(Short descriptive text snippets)
----
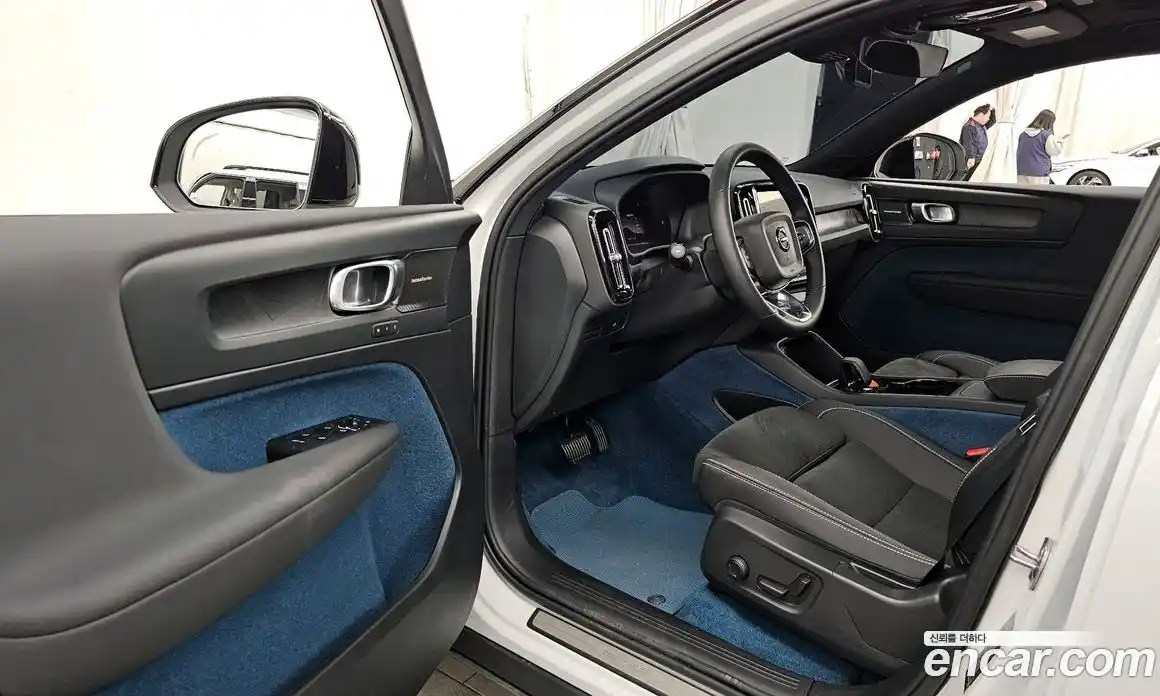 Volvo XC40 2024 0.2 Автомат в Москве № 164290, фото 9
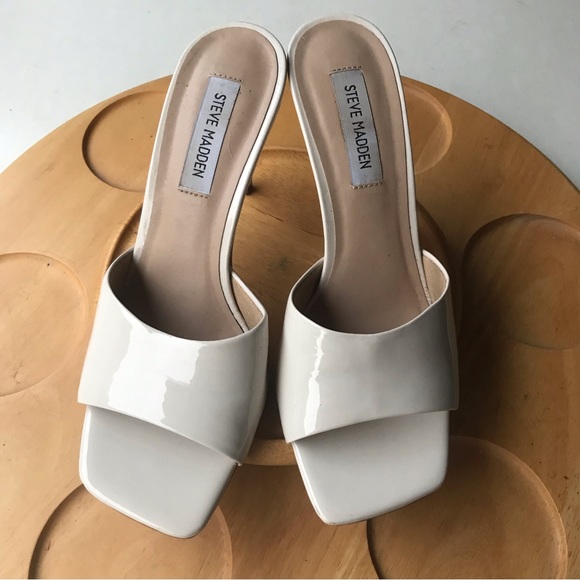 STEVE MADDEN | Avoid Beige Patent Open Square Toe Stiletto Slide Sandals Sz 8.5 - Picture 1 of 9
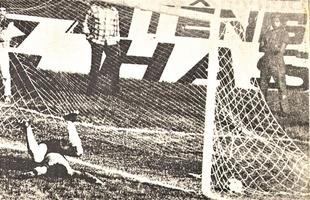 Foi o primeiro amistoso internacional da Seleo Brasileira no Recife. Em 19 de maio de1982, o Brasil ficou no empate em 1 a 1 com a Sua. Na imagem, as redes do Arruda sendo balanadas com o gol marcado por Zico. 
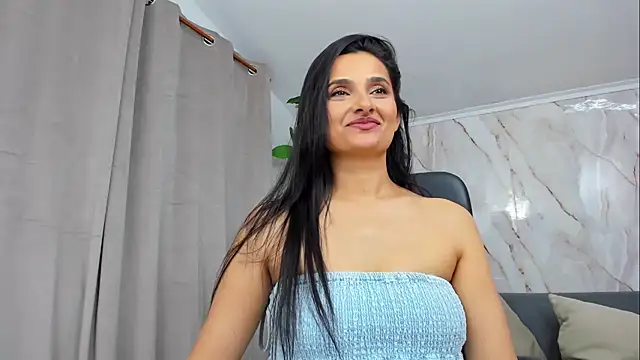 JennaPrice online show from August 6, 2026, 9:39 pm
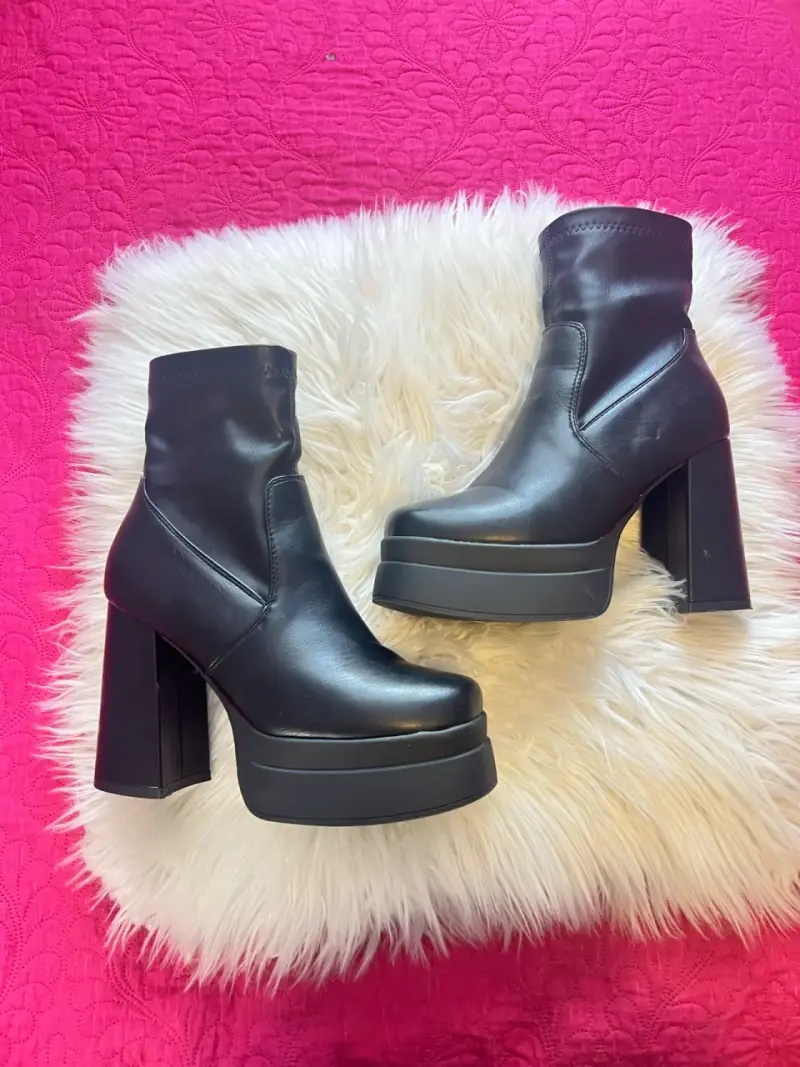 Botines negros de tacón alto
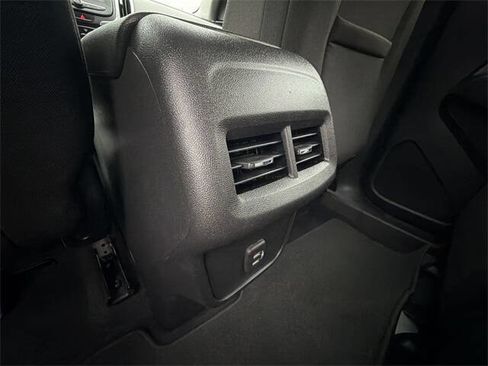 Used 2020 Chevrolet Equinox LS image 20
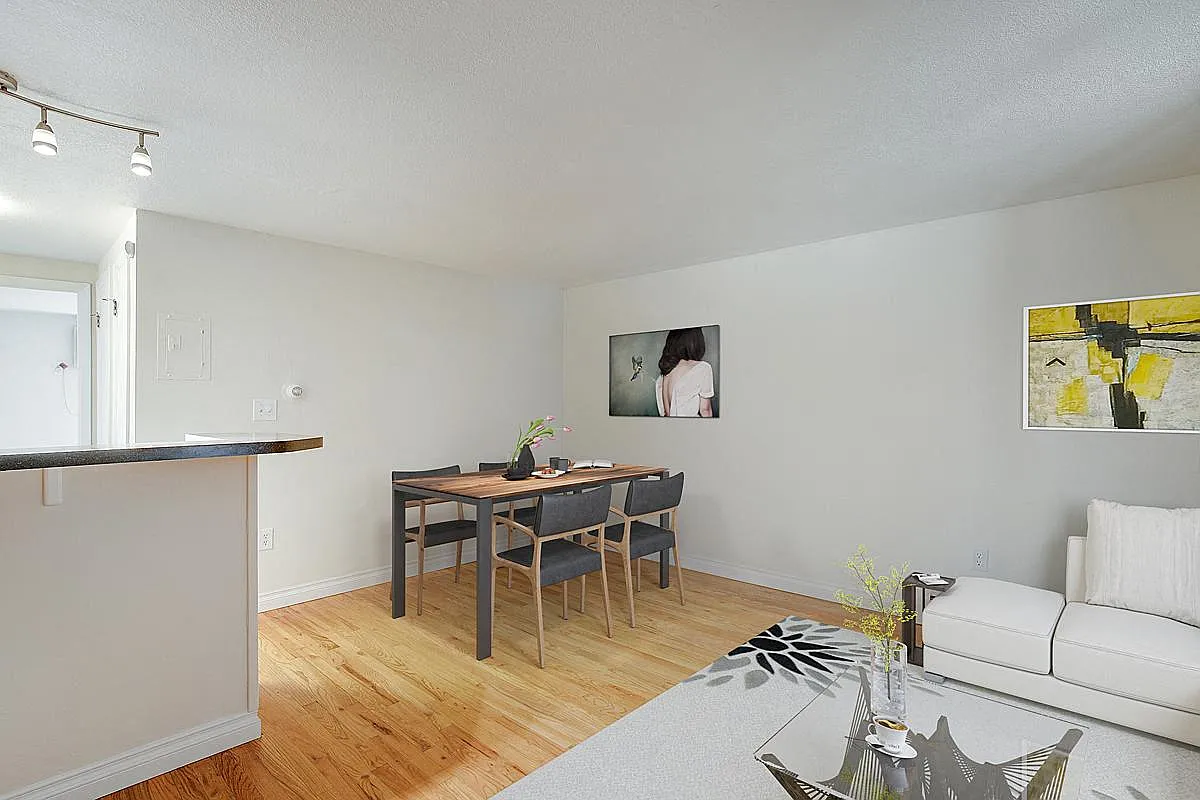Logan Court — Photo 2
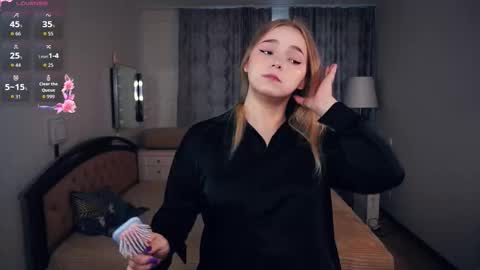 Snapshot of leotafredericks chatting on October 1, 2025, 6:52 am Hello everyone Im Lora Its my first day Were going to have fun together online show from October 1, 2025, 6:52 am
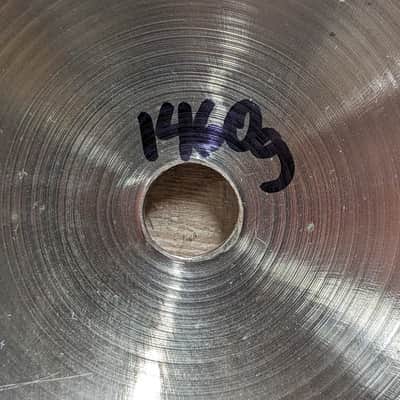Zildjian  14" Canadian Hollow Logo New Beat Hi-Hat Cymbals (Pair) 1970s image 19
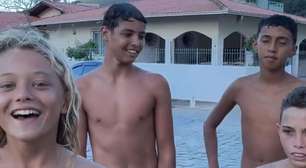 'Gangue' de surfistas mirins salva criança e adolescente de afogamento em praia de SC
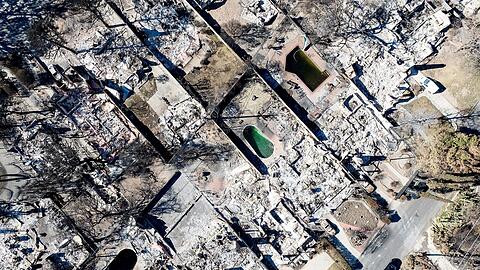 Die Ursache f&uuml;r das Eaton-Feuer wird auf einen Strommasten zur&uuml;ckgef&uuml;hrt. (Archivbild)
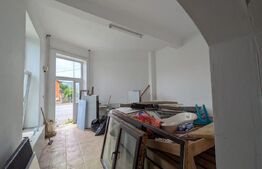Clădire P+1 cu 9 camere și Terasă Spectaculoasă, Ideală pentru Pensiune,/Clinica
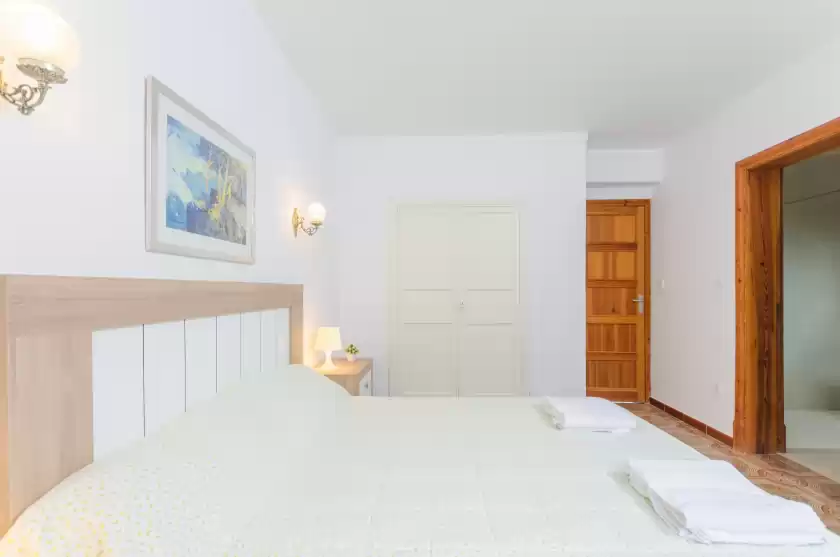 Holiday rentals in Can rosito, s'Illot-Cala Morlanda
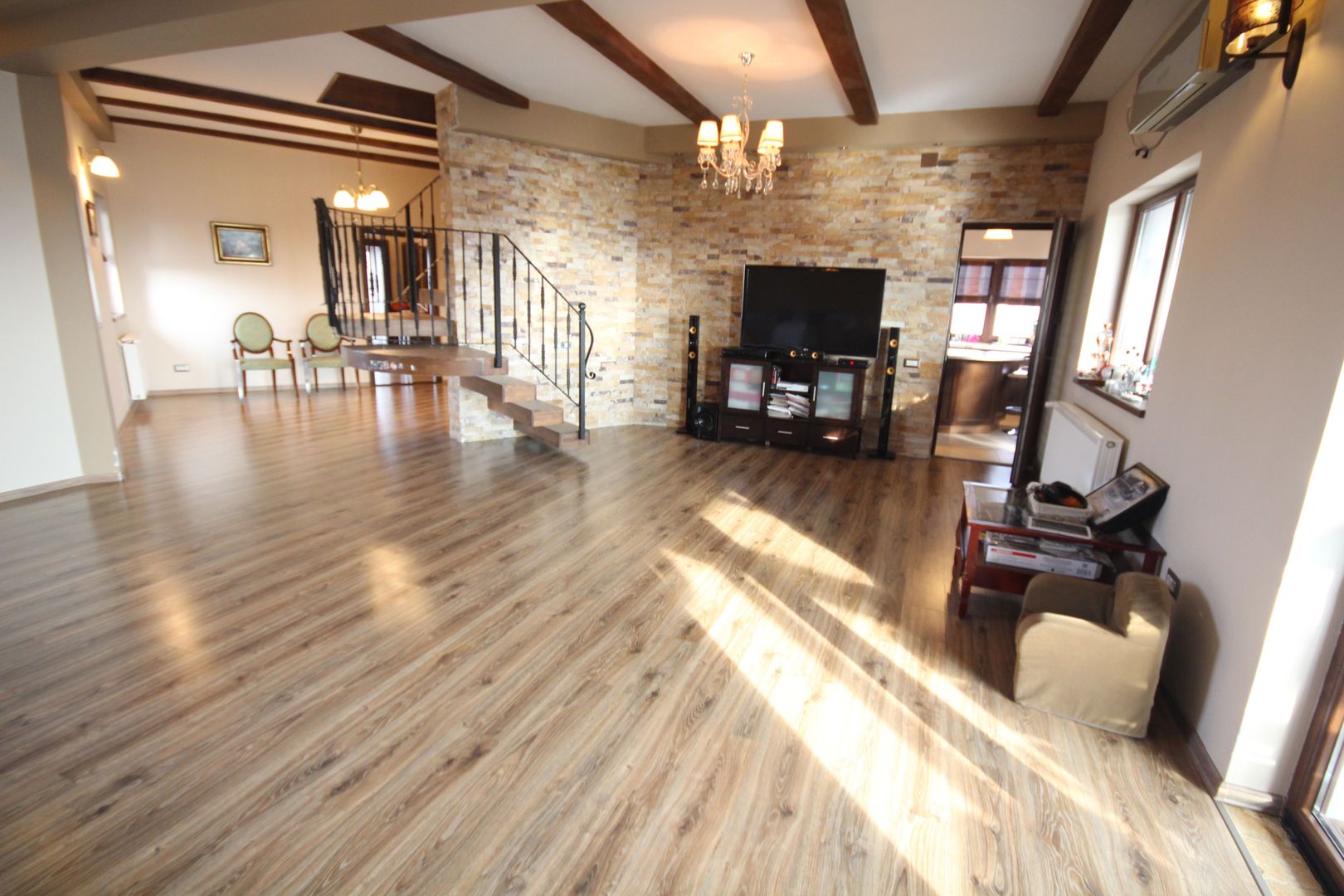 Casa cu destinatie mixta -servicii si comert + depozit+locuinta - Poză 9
----
**WHAT TO WORK ON:** Print, without pictures, exactly the lines from the one containing "STEVE MADDEN |" through the final line of the records above.

**RESULT OF THE TASK:**
 STEVE MADDEN | Avoid Beige Patent Open Square Toe Stiletto Slide Sandals Sz 8.5 - Picture 1 of 9
 Foi o primeiro amistoso internacional da Seleo Brasileira no Recife. Em 19 de maio de1982, o Brasil ficou no empate em 1 a 1 com a Sua. Na imagem, as redes do Arruda sendo balanadas com o gol marcado por Zico. 
 JennaPrice online show from August 6, 2026, 9:39 pm
 Botines negros de tacón alto
 Used 2020 Chevrolet Equinox LS image 20
Logan Court — Photo 2
 Snapshot of leotafredericks chatting on October 1, 2025, 6:52 am Hello everyone Im Lora Its my first day Were going to have fun together online show from October 1, 2025, 6:52 am
Zildjian  14" Canadian Hollow Logo New Beat Hi-Hat Cymbals (Pair) 1970s image 19
 'Gangue' de surfistas mirins salva criança e adolescente de afogamento em praia de SC
 Die Ursache f&uuml;r das Eaton-Feuer wird auf einen Strommasten zur&uuml;ckgef&uuml;hrt. (Archivbild)
Clădire P+1 cu 9 camere și Terasă Spectaculoasă, Ideală pentru Pensiune,/Clinica
 Holiday rentals in Can rosito, s'Illot-Cala Morlanda
 Casa cu destinatie mixta -servicii si comert + depozit+locuinta - Poză 9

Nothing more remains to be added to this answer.